The numbers are brutal: out of 450 million Microsoft 365 users, just 4.5% pay for Copilot. The free version trails ChatGPT. Microsoft shares have slid double digits over the past year. The AI assistant that was supposed to define enterprise productivity is, as one Jefferies analyst put it, widely perceived as something that “stinks.”

Enter Jacob Andreou, age 33. In March, Satya Nadella promoted the former Snap VP — barely a year into his Microsoft tenure — to EVP of Copilot, handing him 11,000+ people and a direct reporting line.

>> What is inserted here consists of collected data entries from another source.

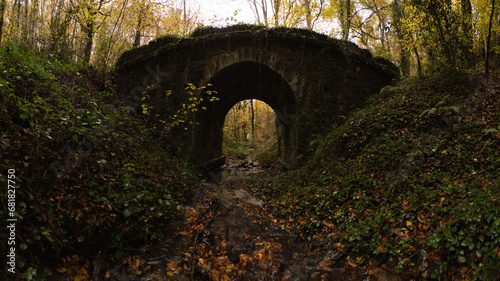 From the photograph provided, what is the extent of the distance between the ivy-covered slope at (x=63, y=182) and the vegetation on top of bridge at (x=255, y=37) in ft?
14.8

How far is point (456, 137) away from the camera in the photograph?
486 centimetres

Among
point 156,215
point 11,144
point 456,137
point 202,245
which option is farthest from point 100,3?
point 456,137

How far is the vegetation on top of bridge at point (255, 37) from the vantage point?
8.33m

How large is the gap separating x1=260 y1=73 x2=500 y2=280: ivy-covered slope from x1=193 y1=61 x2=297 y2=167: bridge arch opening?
2.41 m

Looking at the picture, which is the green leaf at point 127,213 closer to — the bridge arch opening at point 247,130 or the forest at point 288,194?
the forest at point 288,194

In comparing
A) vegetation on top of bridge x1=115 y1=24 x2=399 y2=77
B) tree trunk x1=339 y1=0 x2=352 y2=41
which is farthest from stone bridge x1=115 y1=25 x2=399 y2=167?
tree trunk x1=339 y1=0 x2=352 y2=41

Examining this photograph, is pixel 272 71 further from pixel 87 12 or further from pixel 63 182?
pixel 87 12

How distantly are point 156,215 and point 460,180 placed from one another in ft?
17.0

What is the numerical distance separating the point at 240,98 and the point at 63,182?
919cm

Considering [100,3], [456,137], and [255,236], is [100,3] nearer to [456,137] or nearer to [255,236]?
[255,236]

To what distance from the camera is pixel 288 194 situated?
247 inches

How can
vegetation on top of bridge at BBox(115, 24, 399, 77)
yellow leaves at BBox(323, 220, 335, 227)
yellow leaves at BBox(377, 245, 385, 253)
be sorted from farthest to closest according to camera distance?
1. vegetation on top of bridge at BBox(115, 24, 399, 77)
2. yellow leaves at BBox(323, 220, 335, 227)
3. yellow leaves at BBox(377, 245, 385, 253)

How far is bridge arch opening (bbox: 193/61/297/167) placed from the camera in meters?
8.77

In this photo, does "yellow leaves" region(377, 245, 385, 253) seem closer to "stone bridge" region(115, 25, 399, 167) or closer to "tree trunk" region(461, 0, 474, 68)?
"stone bridge" region(115, 25, 399, 167)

His mandate: turn Microsoft’s flagship AI product from a fragmented collection of features into a genuinely useful integrated system.

Andreou’s approach is aggressive. He eliminated redundant Copilot versions, merged consumer and enterprise teams, and introduced consumption-based billing for Copilot Cowork, Microsoft’s autonomous agent platform. Fortune reports a culture of 12-hour days, hackathons, and “10x developer” intensity. A super app with an Autopilot agentic workflow is in the pipeline.

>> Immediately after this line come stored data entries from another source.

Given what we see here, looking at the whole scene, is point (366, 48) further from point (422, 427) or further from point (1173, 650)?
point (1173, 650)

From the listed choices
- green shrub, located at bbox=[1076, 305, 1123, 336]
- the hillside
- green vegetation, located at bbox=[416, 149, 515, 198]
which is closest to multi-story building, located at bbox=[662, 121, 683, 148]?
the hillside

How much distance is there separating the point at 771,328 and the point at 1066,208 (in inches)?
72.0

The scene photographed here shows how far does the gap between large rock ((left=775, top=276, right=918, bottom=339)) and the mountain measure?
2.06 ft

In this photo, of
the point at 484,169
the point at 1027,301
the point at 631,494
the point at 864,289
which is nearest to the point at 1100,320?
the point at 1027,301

Why it matters for your business: This is the biggest real-world stress test of whether AI assistants can deliver actual enterprise ROI — not just demos. If Andreou succeeds, Microsoft’s distribution power (450M seats) makes Copilot the default AI layer for how millions of people work. If he fails, it validates the growing skepticism that AI copilots are an expensive solution in search of a problem. Either way, the outcome shapes what your team will be using — or rejecting — within the next 12 months.

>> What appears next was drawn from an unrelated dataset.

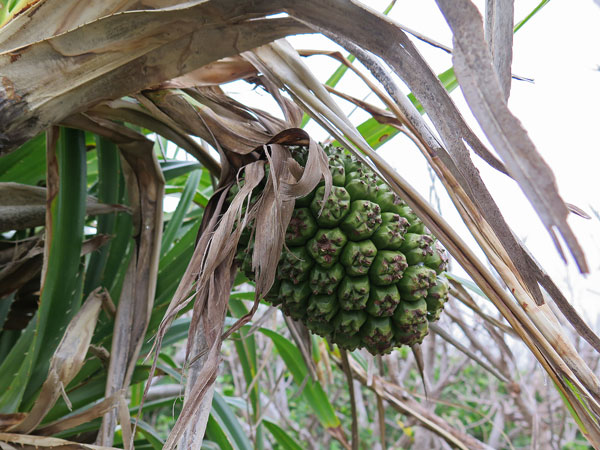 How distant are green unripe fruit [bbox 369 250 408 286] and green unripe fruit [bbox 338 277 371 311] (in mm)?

Source: Fortune, June 27, 2026

MRI Software Launches AI Agents That Execute — Not Just Recommend — With Full Audit Trails

MRI Software, a 55-year-old real estate tech firm serving 45,000+ clients, launched Agora Intelligence and Agora Orchestrator on June 25. The distinction matters: Intelligence proactively flags risks, trends, and opportunities across leasing, finance, and operations — no dashboards required. Orchestrator acts on those signals, executing agentic workflows while logging every action in a searchable audit trail. Human approval gates are built in for complex decisions. CEO Patrick Ghilani put it bluntly: “Connecting AI agents to systems is becoming easier. The bigger challenge is ensuring those agents operate in ways organizations can trust.” Takeaway: The agentic AI playbook is spreading to vertical SaaS. Real estate just got a template that every industry will follow.

Source: PR Newswire, June 25, 2026

IBM and OpenAI Join Forces to Fight Machine-Speed Cyber Threats With Machine-Speed Defense

IBM joined OpenAI’s Daybreak Cyber Partner Program and launched a new application security service that uses frontier AI models to identify and validate software vulnerabilities — at the speed attackers are already exploiting them. IBM’s X-Force Threat Index recorded a 44% global increase in attacks on public-facing applications this year, driven by unpatched systems. The new service operates with read-only code repository access and bounded execution — a model for how AI can be deployed safely inside sensitive enterprise environments. IBM CISO Mark Hughes: “Attackers are already using AI to probe, exploit, and scale threats at machine speed. Defenders need the same advantage.” Bottom line: The AI cyber arms race is here. This partnership gives enterprises a way to keep pace.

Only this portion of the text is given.